_YOUR OBJECTIVE_: Could the entries below be reproduced exactly, with the images removed?

________________________________________

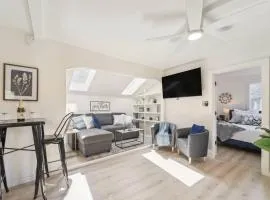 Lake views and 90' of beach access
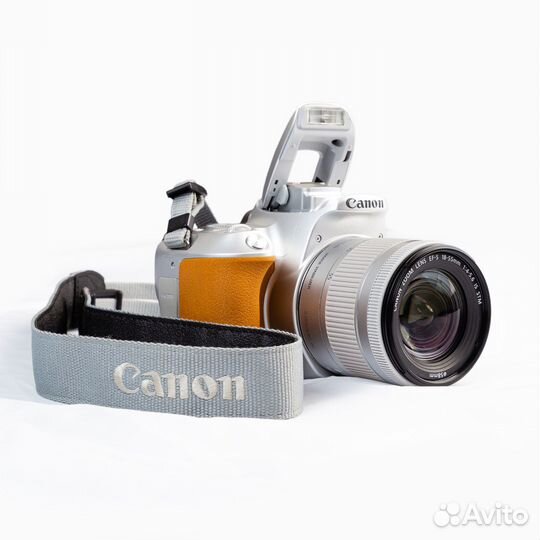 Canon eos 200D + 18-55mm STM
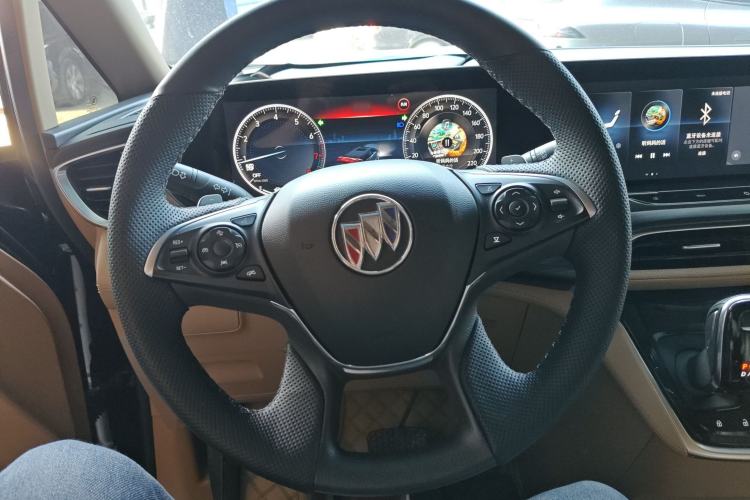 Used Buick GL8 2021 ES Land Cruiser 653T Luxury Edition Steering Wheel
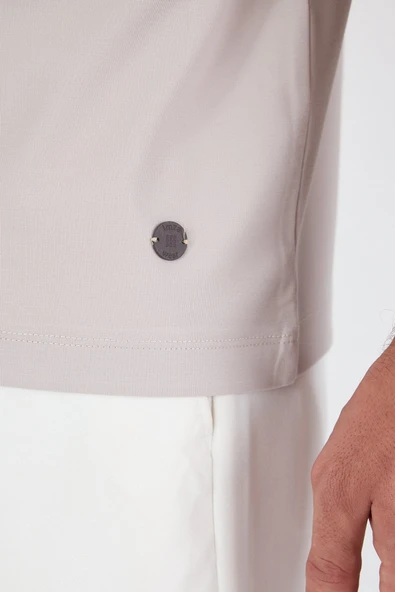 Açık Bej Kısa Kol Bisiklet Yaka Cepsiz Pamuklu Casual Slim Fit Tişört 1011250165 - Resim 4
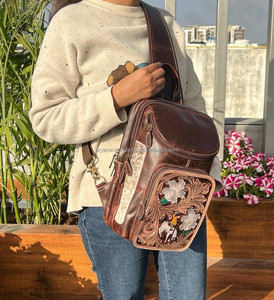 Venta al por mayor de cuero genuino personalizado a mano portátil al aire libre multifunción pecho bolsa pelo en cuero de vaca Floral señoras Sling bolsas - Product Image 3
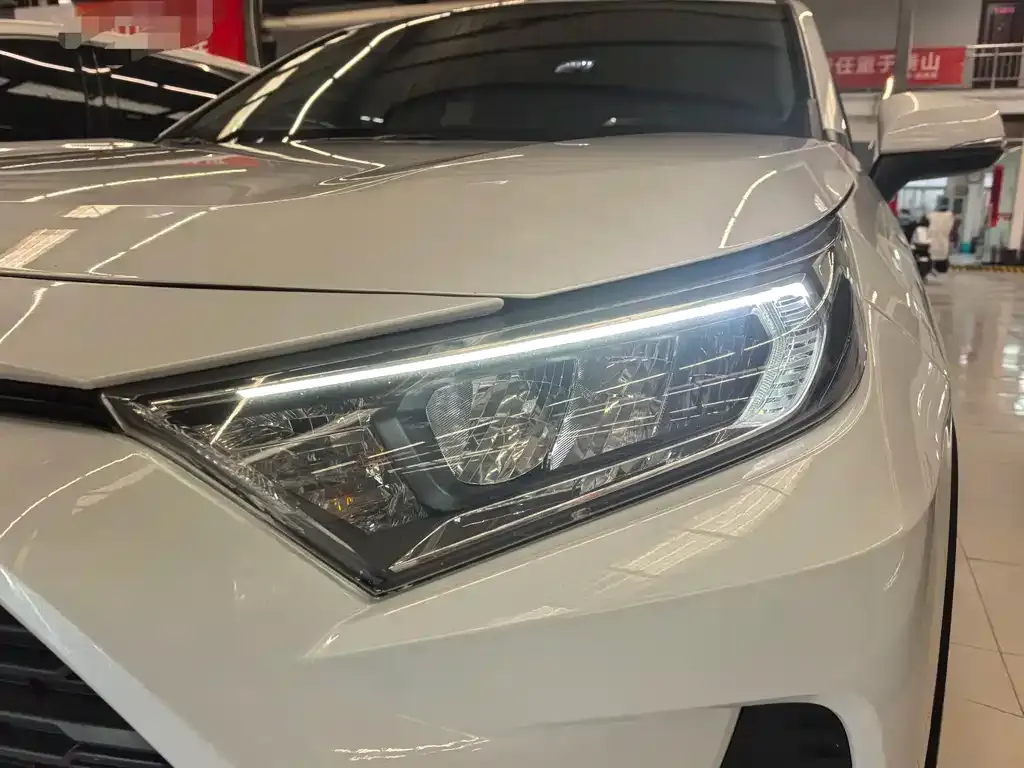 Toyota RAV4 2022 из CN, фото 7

________________________________________

_SOLVED EXERCISE_:
 Lake views and 90' of beach access
 Canon eos 200D + 18-55mm STM
 Used Buick GL8 2021 ES Land Cruiser 653T Luxury Edition Steering Wheel
 Açık Bej Kısa Kol Bisiklet Yaka Cepsiz Pamuklu Casual Slim Fit Tişört 1011250165 - Resim 4
 Venta al por mayor de cuero genuino personalizado a mano portátil al aire libre multifunción pecho bolsa pelo en cuero de vaca Floral señoras Sling bolsas - Product Image 3
 Toyota RAV4 2022 из CN, фото 7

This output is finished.